Der SV Laufen war weiterhin konsequenter in ihren Angriffsaktionen und der Hausherr konnte dem ständigen Druck nicht länger standhalten. Kapitän Florian Hollinger war es in der 69. Minute, der mit einem souveränen Diagonalpass von der Mittellinie auf die linke Halbseite den erstarkten Gerhard Nafe einsetzte. Nafe war kurz davor schon seinem Gegenspieler entwischt und sprintete allein in Richtung Stefan Schnitzlbaumer. Schnitzlbaumer störte Gerhard Nafe vorerst beim Einschuss. Dieser umkurvte jedoch den Keeper, machte nach der Störung durch Schnitzlbaumer eine Drehung um die eigene Achse und knallte den Ball zum 0:3 in die Maschen. Dem SVL reichte es noch lange nicht und die wiedergefundene Spielfreude wollte ausgenutzt werden. Christian Höhn passte in der 73. Minute sehr schön auf Maximilian Schmidt.

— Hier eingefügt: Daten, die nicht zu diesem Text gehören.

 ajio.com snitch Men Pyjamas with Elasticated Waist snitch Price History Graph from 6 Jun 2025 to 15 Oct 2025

Dieser bediente mit einer scharfen Hereingabe David Cienskowski, der am zweiten Pfosten freistehend das Leder im Runden unterbrachte - 0:4. Der Gast von der Salzach gab weiter richtig Gas und drängte den FCB in die eigene Hälfte. Für die "Zu-Null-Partie" musste die SVL-Hintermannschaft in der 87. Minute noch eine Chance überstehen. Erneut war Michael Geisler nach Eckball per Kopf zur Stelle - knapp am Tor vorbei. Richtig zwingend jedoch konnte der FC Bischofswiesen nicht mehr sein. Im Gegenteil. Sie mussten sogar den fünften Gegentreffer an diesem für den FCB schwarzen Tag hinnehmen. In der Schlussminute wirbelten Maximilian Schmidt und Gerhard Nafe in Zusammenarbeit im gegnerischen Strafraum. Schmidt bediente mit einem Flachpass Gerhard Nafe, der im Versuch Stefan Schnitzlbaumer auszuspielen von den Füßen geholt wurde. Der Strafstoß war dann Chefsache. Kapitän Florian Hollinger verwandete zum hoffnungsvollen 5:0 Endstand für den SV Laufen.